## Task to complete
Your task is to copy the lines from the line containing "おもしろいAny Age Kids" through the end of the listing below, both included, without any pictures.

## Material provided
:::

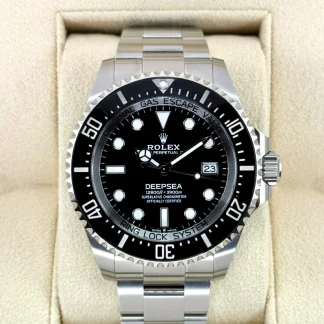 【Super Clone】Rolex Deepsea Black Dial and Bezel Oyster Bracelet 44mm Watch  m136660-0006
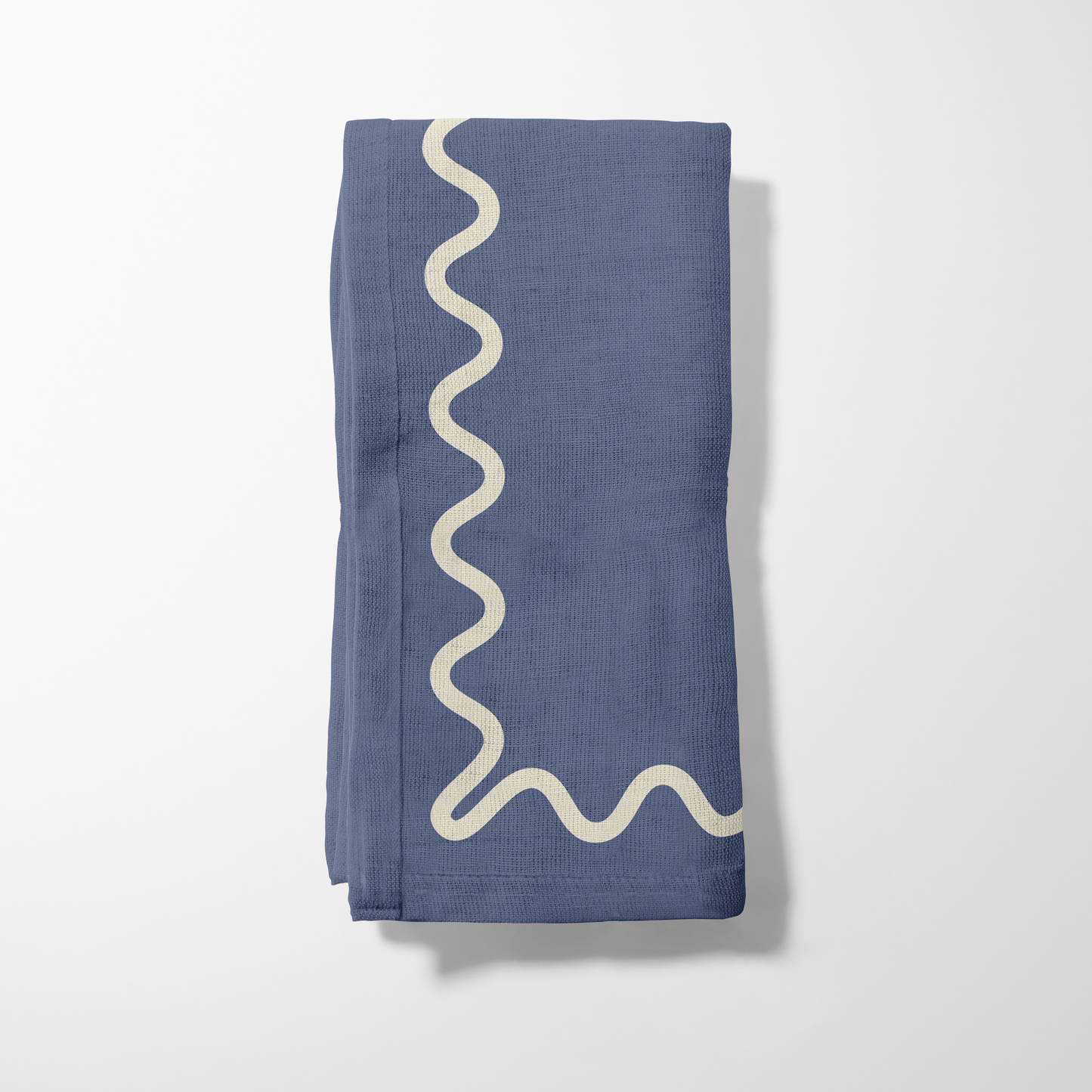 ONE Squiggle Edge Napkin - Boat in Lightweight Linen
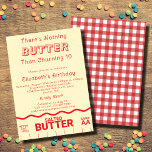 おもしろいAny Age Kids Butterをテーマにした誕生日パーティー 招待状<br><div class="desc">キッズバタおもしろいーをテーマにした誕生日パーティーの招待状 – 女の子のための編集可能なテンプレート（任意の年齢）このバターをテーマにした誕生日パーティーの招待状と一緒におもしろいあなたの子供の誕生日を忘れることができなユニークいようにする！完璧な子供へ年齢7、8、9、または10のこの編集可能な招待状は、赤と黄色の色のパレットとヴィンテージのビブお洒落ーブとよくはしゃぐあなたのお祝いにツイスト魅力的をもたらす。Perfect For：バターをテーマにした子供の誕生日パーティーベーキングパーティーバターをテーマにした誕生日パーティー国インスパイア/素朴なヴィンテージ誕生日テーマお祝いパーティー2025年と2026年の子供の誕生日の日にに魅力を追加：赤いギンガムのとバター黄色のをドレスアップagecore aesemicsこのバタおもしろいー誕生日の招待は、子供（と両親）が愛する喜び、、トレンド設定のトーンを設定するための完璧な方法である。</div>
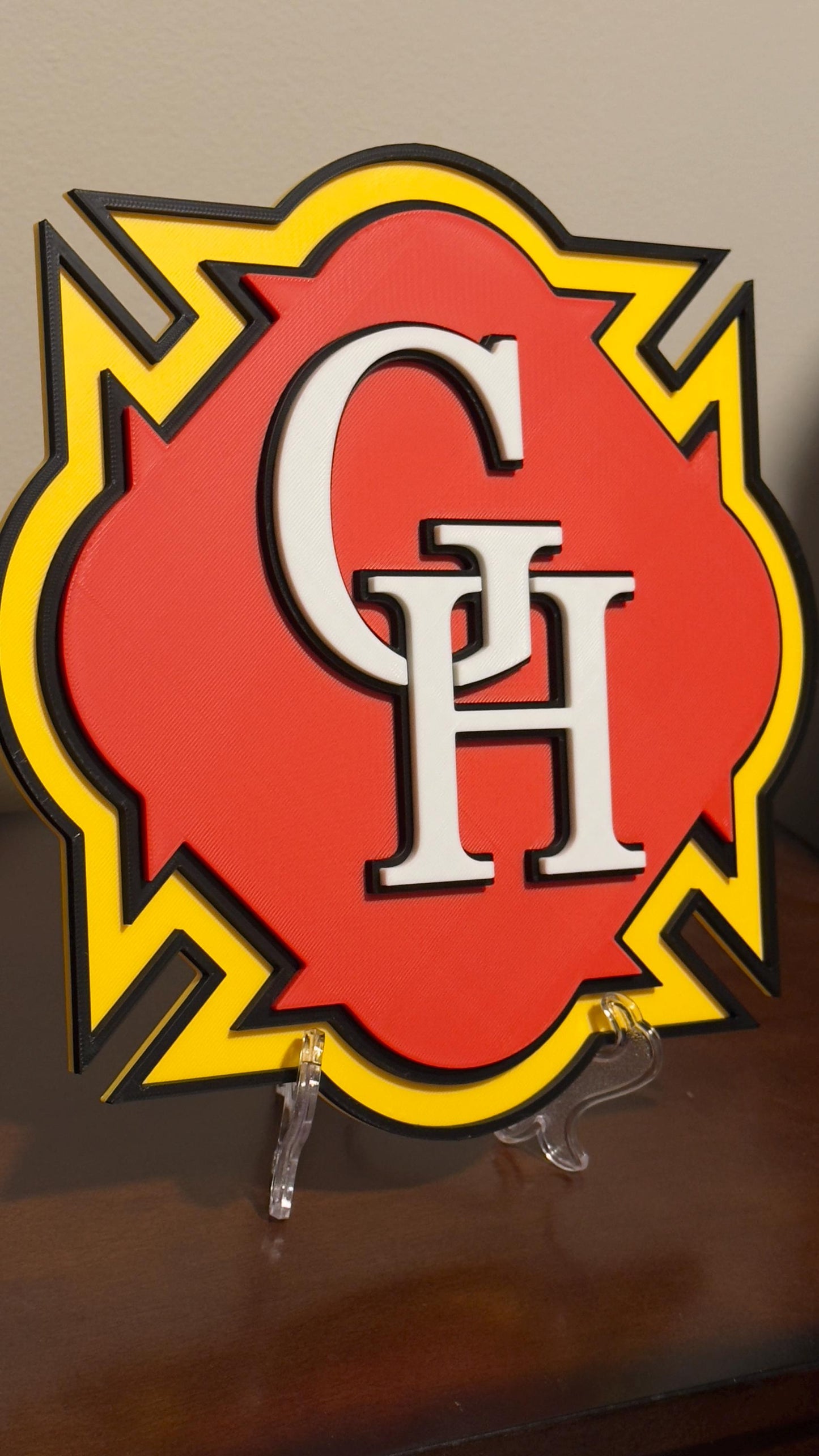 Glenn Heights Fire Department 3D Embossed Plaque: First Responder Wall Art Firefighter Gift Texas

:::

## Your solution
 おもしろいAny Age Kids Butterをテーマにした誕生日パーティー 招待状<br><div class="desc">キッズバタおもしろいーをテーマにした誕生日パーティーの招待状 – 女の子のための編集可能なテンプレート（任意の年齢）このバターをテーマにした誕生日パーティーの招待状と一緒におもしろいあなたの子供の誕生日を忘れることができなユニークいようにする！完璧な子供へ年齢7、8、9、または10のこの編集可能な招待状は、赤と黄色の色のパレットとヴィンテージのビブお洒落ーブとよくはしゃぐあなたのお祝いにツイスト魅力的をもたらす。Perfect For：バターをテーマにした子供の誕生日パーティーベーキングパーティーバターをテーマにした誕生日パーティー国インスパイア/素朴なヴィンテージ誕生日テーマお祝いパーティー2025年と2026年の子供の誕生日の日にに魅力を追加：赤いギンガムのとバター黄色のをドレスアップagecore aesemicsこのバタおもしろいー誕生日の招待は、子供（と両親）が愛する喜び、、トレンド設定のトーンを設定するための完璧な方法である。</div>
 Glenn Heights Fire Department 3D Embossed Plaque: First Responder Wall Art Firefighter Gift Texas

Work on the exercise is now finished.